:: TASK GOAL ::
Print out all of the records exactly; no picture belongs in the result.

(Collected data entries)
——
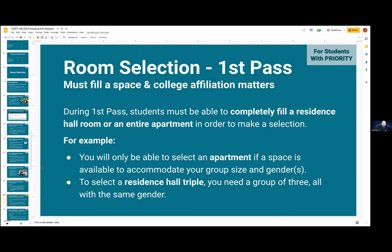During the first pass at a community, you're going to have to completely fill any space you choose. So if you want an apartment, your group will have to fill the apartment to be able to take it. If you can't fill the apartment, it will not show as a possibility. You'll need to fill a room as well if you're looking at residence hall spaces — if there's three of you and you want a quad, the quad will not work for your group because you must fill it; you would instead see triples or large triples. You must be able to completely fill a residence hall room or an entire apartment for this phase. Note that it may also reflect in terms of gender, so flexibility is important.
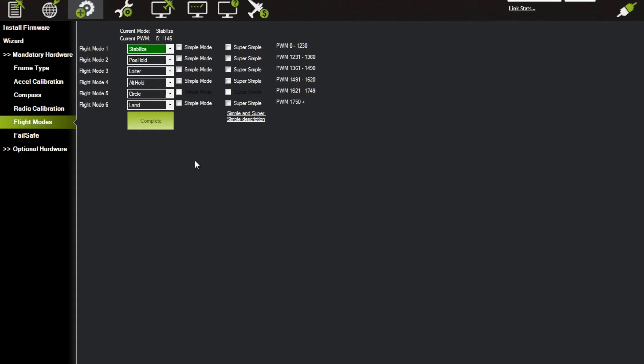I go on my switch and put it all the way up on both, I'm going to get my Standard/Stabilize. When I go to the next one, I'm going to get Position Hold. When I put the switch down all the way, I'm going to get Loiter. Now if I put it back up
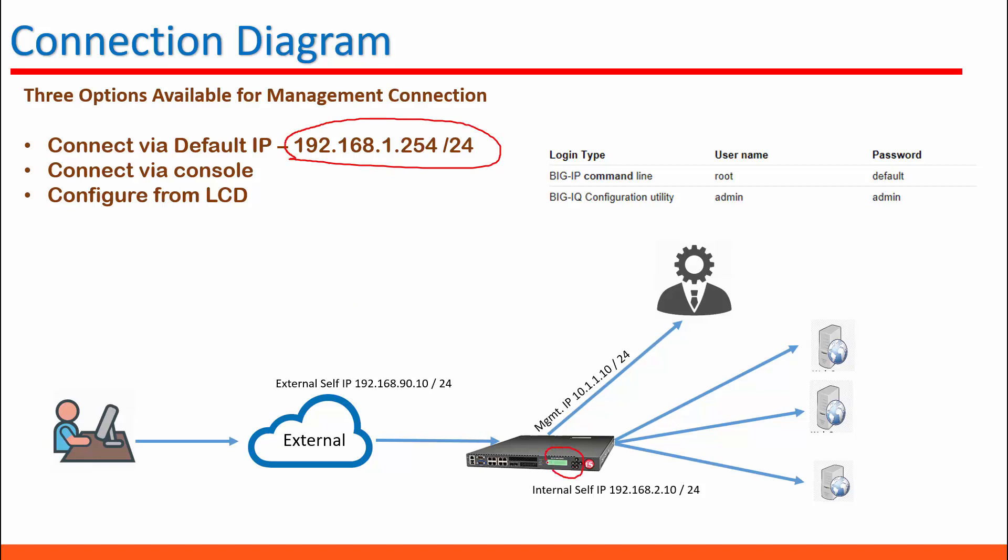I'm going to demonstrate how to connect via console and configure BIG IP management connection. The login defaults are showing here and when you look at the diagram you can see there are three IP addresses mentioned. One is for the management IP and there is internal self IP and external self IP.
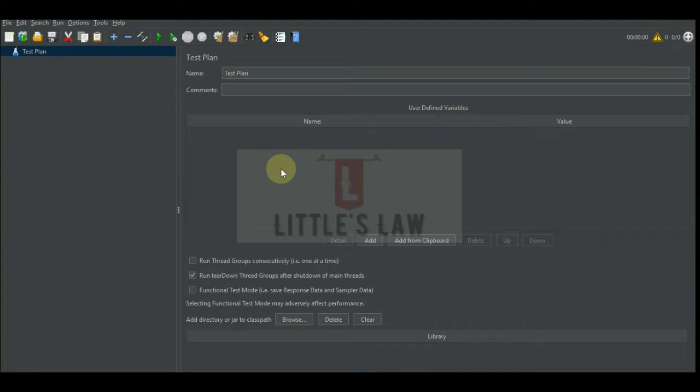Hi, hello and welcome to another episode on Little's Law YouTube channel. For the last few days we have been seeing various logic controllers like the if controller, while controller, loop controller, simple and transaction controllers, interleave, random, random order, and once only controller. So what is special today? Today we are going to see another interesting controller which is the switch controller.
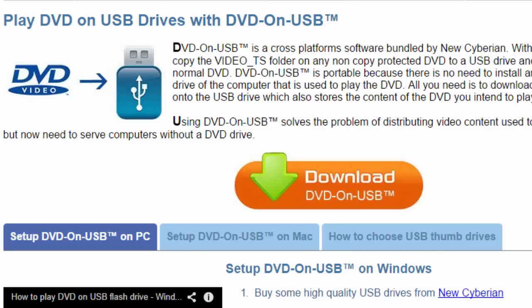Hi, I'm Bill Myers and this is another one of my video tips of the week. In this week's tip, I'm going to show you how to copy a DVD to a USB thumb drive and play that DVD on any computer using the thumb drive only.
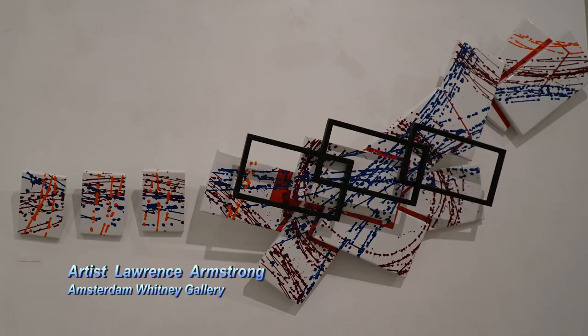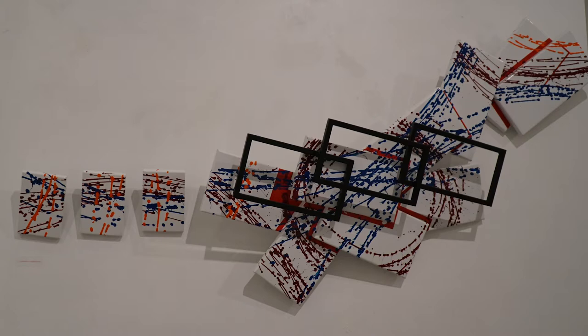Thank you, Crystal. Lawrence Armstrong, who is a very recognized architect, is inspired by architecture, and his themes are layered visions.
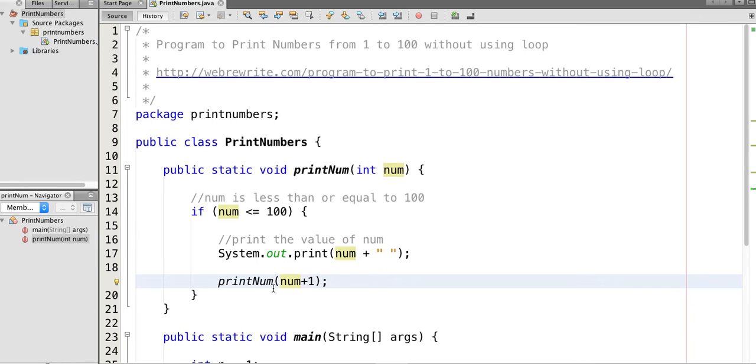Then printNum method is called with value 3, and so on. In this way we print numbers from 1 to 100.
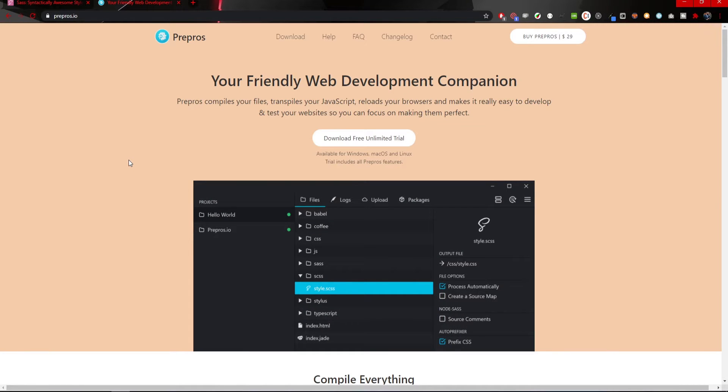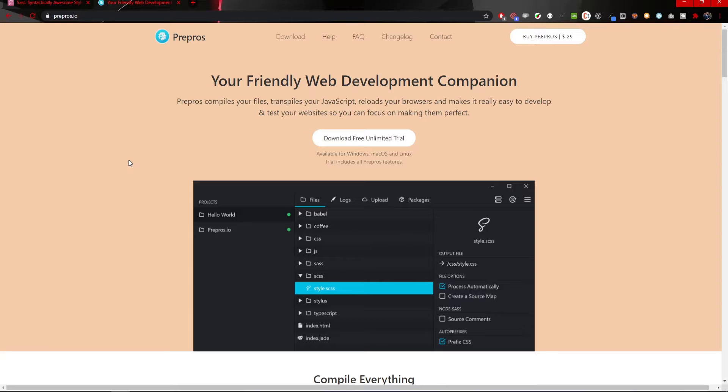Before we start with SASS or SCSS, we should first install one tool that we will use throughout this series. The tool is called Pre-Pros and it will help us compile our code into CSS, and that way our development will be easier and faster.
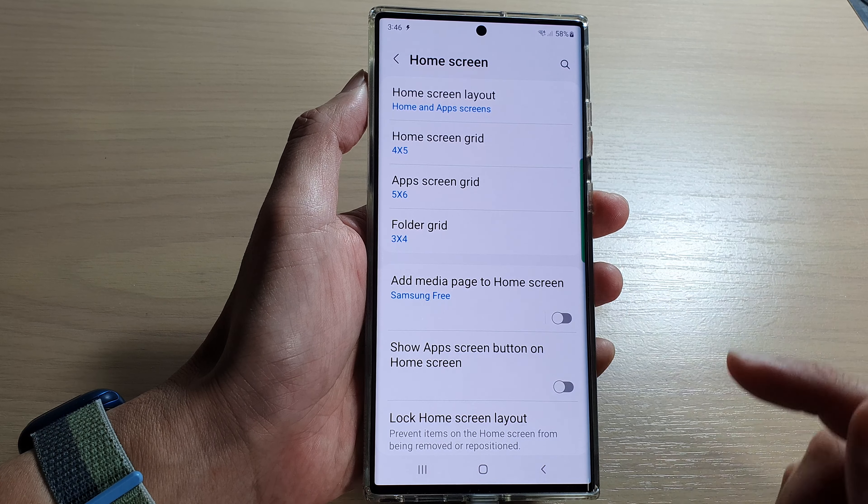Next, go down and tap on hide apps. In here, go to the hidden apps section, and in here you can unhide apps.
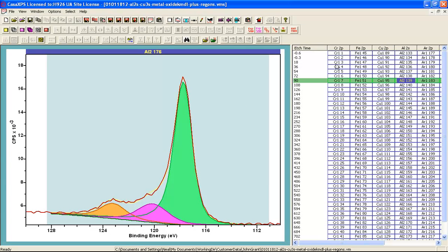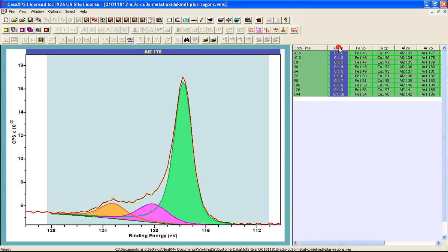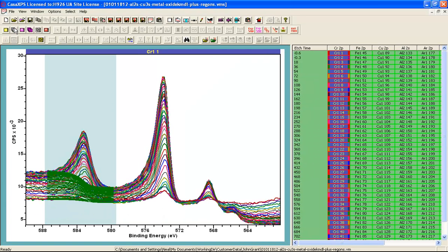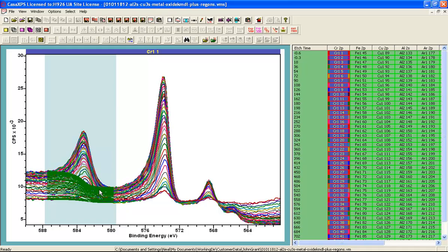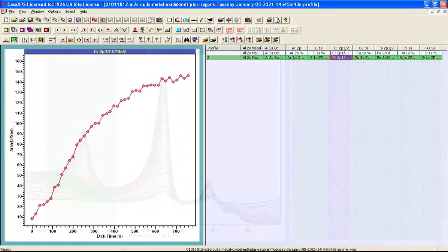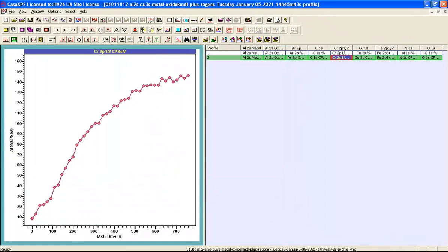Each one of these columns represents a sequence of measurements from the same element and transition and upon each spectrum within this column there is a background that has been defined over a region and this will be used to integrate the signal from a peak. This will form the trace in this case of a chromium 2p one half peak.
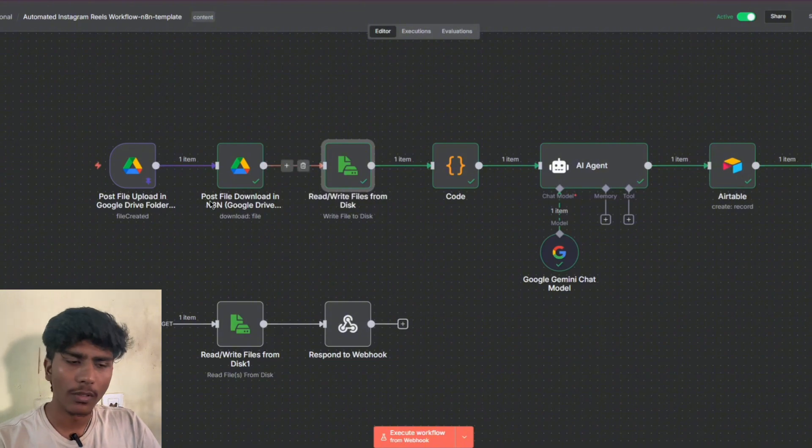Hey everyone, this is Sanjay from Aston AI. In this video we are going to see how to automate Instagram Reels. The automation starts with a Google Drive trigger — you'll be uploading the videos to Google Drive, and according to the time we have set, the automation starts itself and then posts with certain captions set according to the video.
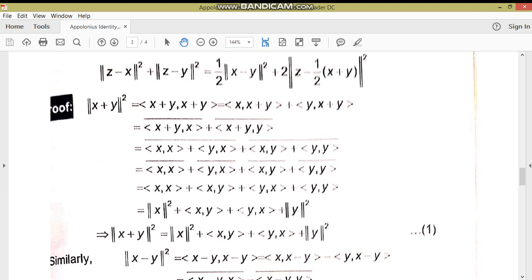⟨x,x⟩ کا conjugate لیں تو interchange کے بعد دوبارہ itself آتا ہے۔ ⟨y,x⟩ کا conjugate ⟨x,y⟩ کے برابر ہے، اور ⟨x,y⟩ کا conjugate ⟨y,x⟩ کے برابر ہے، اور ⟨y,y⟩ کا conjugate ⟨y,y⟩ ہی ہے۔ تو حاصل ہوا: ||x+y||² = ||x||² + ⟨x,y⟩ + ⟨y,x⟩ + ||y||² — یہ equation number 1 ہے۔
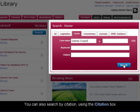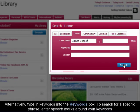You can also search by citation using the citation box. Alternatively, type in keywords into the keyword box. To search for a specific phrase, enter speech marks around your keywords.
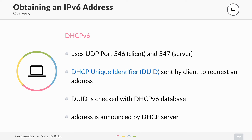The DUID is checked against the DHCPv6 database of the server. If there is a static mapping, or if a lease is already active, then the same address is handed out again, and the address is then announced by the DHCP server. You don't have to get an IPv6 address — you can also just use the DNS information.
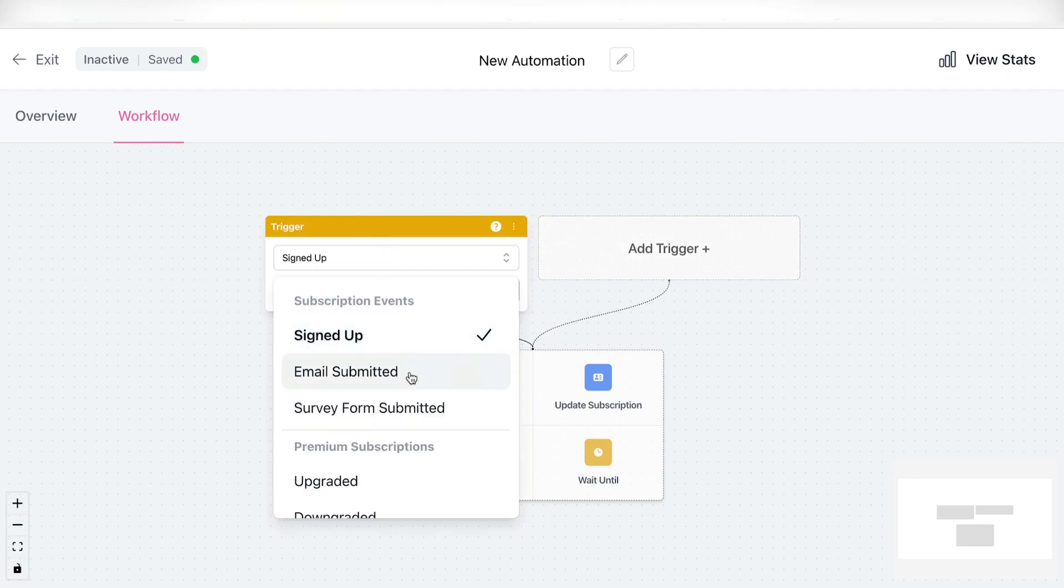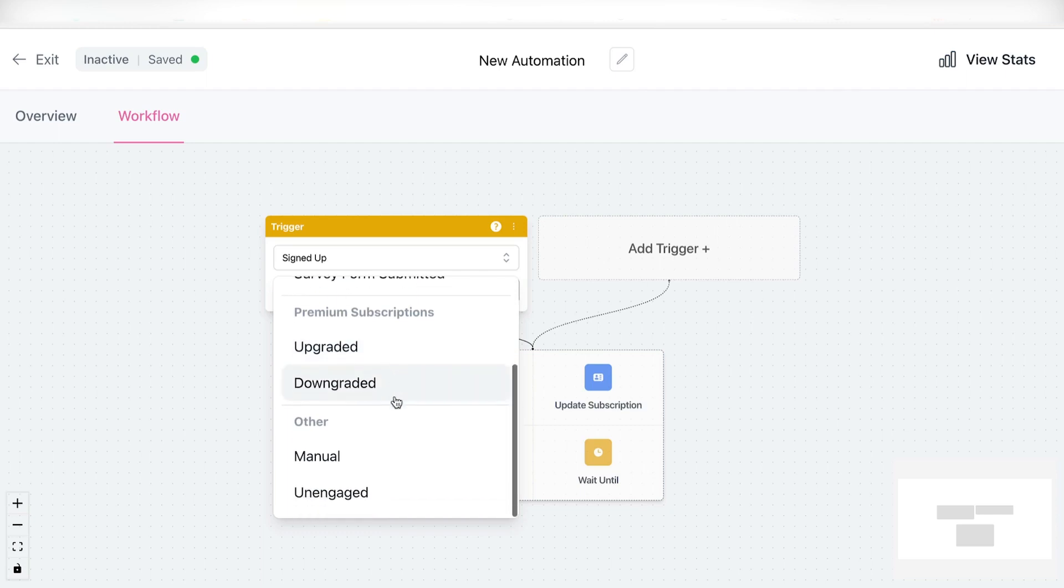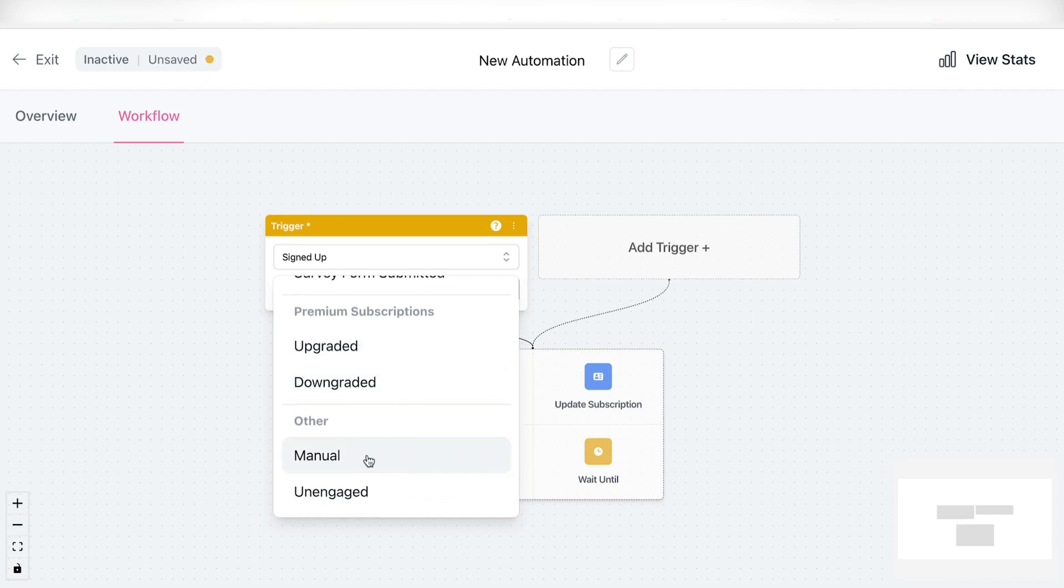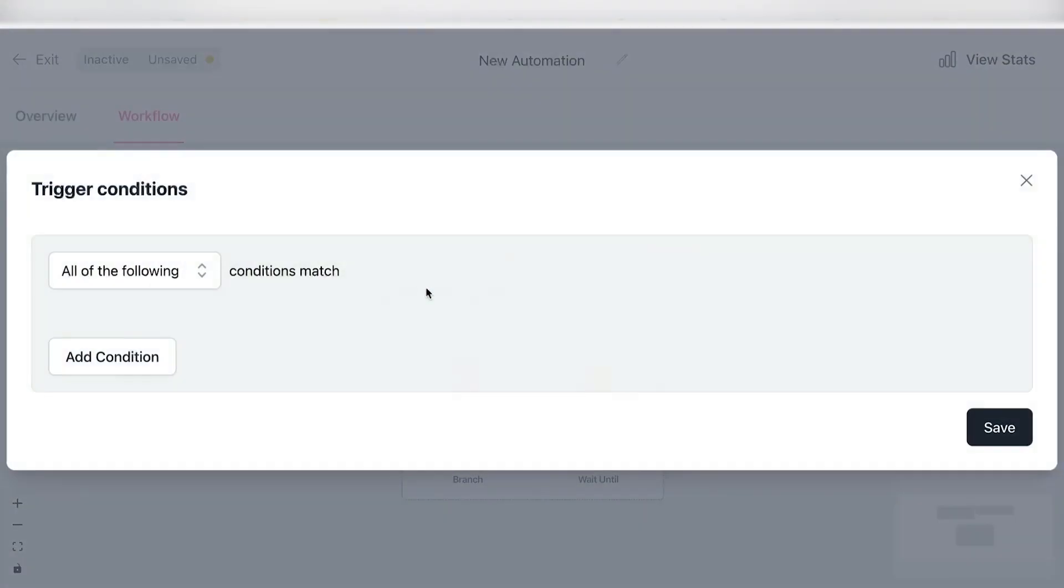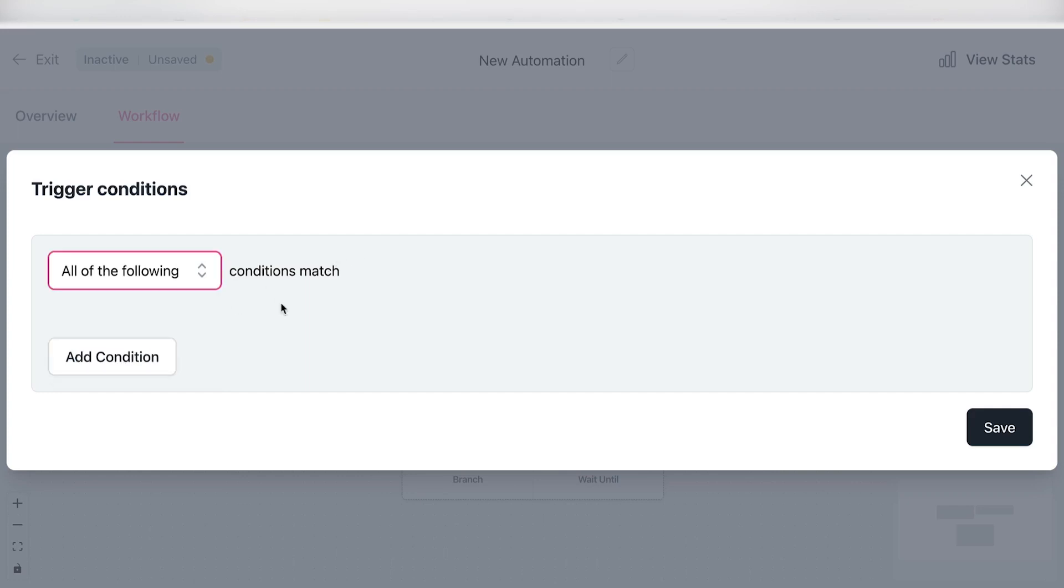And as you can see, you have different options right here. So either this starts with a signup, with an email submitted, a survey form submitted, or let's say if your subscriber upgraded or downgraded from a premium subscription. And if it's none of those, then you can simply head over to manual and then edit the conditions. So as you can see right here, you can easily customize the conditions based on all of the following or any of the following, right? So the main difference right here is if you click on all of the following, all the conditions that you're going to add up here have to match in order for this automation to start working. And if it's any of the following, then as the name suggests, it's basically if any of those specific conditions are met.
——
:: ANSWER BOX ::
During the first pass at a community, you're going to have to completely fill any space you choose. So if you want an apartment, your group will have to fill the apartment to be able to take it. If you can't fill the apartment, it will not show as a possibility. You'll need to fill a room as well if you're looking at residence hall spaces — if there's three of you and you want a quad, the quad will not work for your group because you must fill it; you would instead see triples or large triples. You must be able to completely fill a residence hall room or an entire apartment for this phase. Note that it may also reflect in terms of gender, so flexibility is important.
I go on my switch and put it all the way up on both, I'm going to get my Standard/Stabilize. When I go to the next one, I'm going to get Position Hold. When I put the switch down all the way, I'm going to get Loiter. Now if I put it back up
I'm going to demonstrate how to connect via console and configure BIG IP management connection. The login defaults are showing here and when you look at the diagram you can see there are three IP addresses mentioned. One is for the management IP and there is internal self IP and external self IP.
Hi, hello and welcome to another episode on Little's Law YouTube channel. For the last few days we have been seeing various logic controllers like the if controller, while controller, loop controller, simple and transaction controllers, interleave, random, random order, and once only controller. So what is special today? Today we are going to see another interesting controller which is the switch controller.
Hi, I'm Bill Myers and this is another one of my video tips of the week. In this week's tip, I'm going to show you how to copy a DVD to a USB thumb drive and play that DVD on any computer using the thumb drive only.
Thank you, Crystal. Lawrence Armstrong, who is a very recognized architect, is inspired by architecture, and his themes are layered visions.
Then printNum method is called with value 3, and so on. In this way we print numbers from 1 to 100.
Before we start with SASS or SCSS, we should first install one tool that we will use throughout this series. The tool is called Pre-Pros and it will help us compile our code into CSS, and that way our development will be easier and faster.
Next, go down and tap on hide apps. In here, go to the hidden apps section, and in here you can unhide apps.
Each one of these columns represents a sequence of measurements from the same element and transition and upon each spectrum within this column there is a background that has been defined over a region and this will be used to integrate the signal from a peak. This will form the trace in this case of a chromium 2p one half peak.
Hey everyone, this is Sanjay from Aston AI. In this video we are going to see how to automate Instagram Reels. The automation starts with a Google Drive trigger — you'll be uploading the videos to Google Drive, and according to the time we have set, the automation starts itself and then posts with certain captions set according to the video.
⟨x,x⟩ کا conjugate لیں تو interchange کے بعد دوبارہ itself آتا ہے۔ ⟨y,x⟩ کا conjugate ⟨x,y⟩ کے برابر ہے، اور ⟨x,y⟩ کا conjugate ⟨y,x⟩ کے برابر ہے، اور ⟨y,y⟩ کا conjugate ⟨y,y⟩ ہی ہے۔ تو حاصل ہوا: ||x+y||² = ||x||² + ⟨x,y⟩ + ⟨y,x⟩ + ||y||² — یہ equation number 1 ہے۔
You can also search by citation using the citation box. Alternatively, type in keywords into the keyword box. To search for a specific phrase, enter speech marks around your keywords.
The DUID is checked against the DHCPv6 database of the server. If there is a static mapping, or if a lease is already active, then the same address is handed out again, and the address is then announced by the DHCP server. You don't have to get an IPv6 address — you can also just use the DNS information.
And as you can see, you have different options right here. So either this starts with a signup, with an email submitted, a survey form submitted, or let's say if your subscriber upgraded or downgraded from a premium subscription. And if it's none of those, then you can simply head over to manual and then edit the conditions. So as you can see right here, you can easily customize the conditions based on all of the following or any of the following, right? So the main difference right here is if you click on all of the following, all the conditions that you're going to add up here have to match in order for this automation to start working. And if it's any of the following, then as the name suggests, it's basically if any of those specific conditions are met.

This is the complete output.